The U.S. Environmental Protection Agency (EPA) Administrator Andrew Wheeler and the White House Executive Director for the Opportunity and Revitalization Council Scott Turner shared that a total of 149 communities were selected to receive 151 grant awards totaling $64.6 million in EPA Brownfields funding through the Multipurpose, Assessment, and Cleanup (MAC) Grant Programs.

Grants awarded by EPA’s Brownfield Program provide communities with an opportunity to transform contaminated sites into community assets that attract jobs and achieve broader economic development outcomes while taking advantage of existing infrastructure.

“MACOG looks forward to building on the brownfield revitalization experience of several of our communities.
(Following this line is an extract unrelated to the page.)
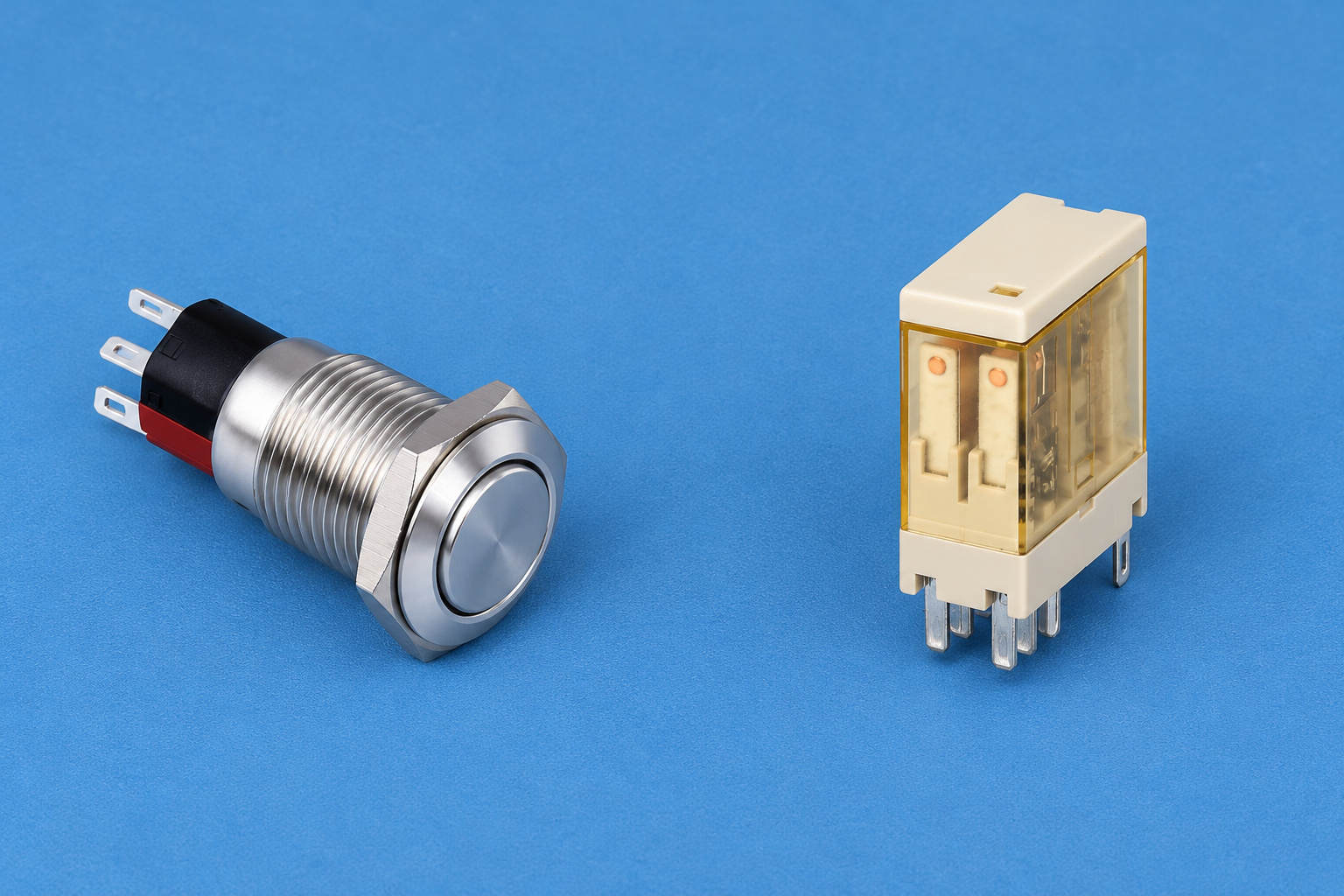 Manual button and electromechanical relay body1 Plain silver threaded ONPOW6116 push button and cream amber ORJ2SL relay, disconnected on an inspection surface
Our Coalition will focus on areas in the region that are most impacted by former industrial facilities, old gas stations, and blighted properties which are often tax delinquent and may pose risks to nearby residents,” said MACOG Executive Director James Turnwald. “This funding is critical for addressing the environmental uncertainty surrounding potentially contaminated properties to get them back on the tax rolls and open them up for redevelopment to promote the efficient use of existing infrastructure, strengthen our downtown cores and community gateways, and reduce development pressure on farmland and greenspace.”

The Brownfields Assessment Coalition Grant awarded to MACOG targets areas in each coalition partner county, including the gateway between the City of Warsaw and the Town of Winona Lake, west of downtown Plymouth, downtown neighborhoods in the City of Elkhart, and sites impacting small towns across the region such as the Town of Lakeville. Funds will be used to conduct Phase I and Phase II environmental site assessments on sites that may be contaminated with hazardous substances, pollutants, or petroleum, with at least one priority site in each county. Grant funds also will be used to inventory and prioritize sites, prepare cleanup plans, develop a multi-site reuse plan for the City of Plymouth, prepare site-specific reuse plans, and to conduct community outreach activities.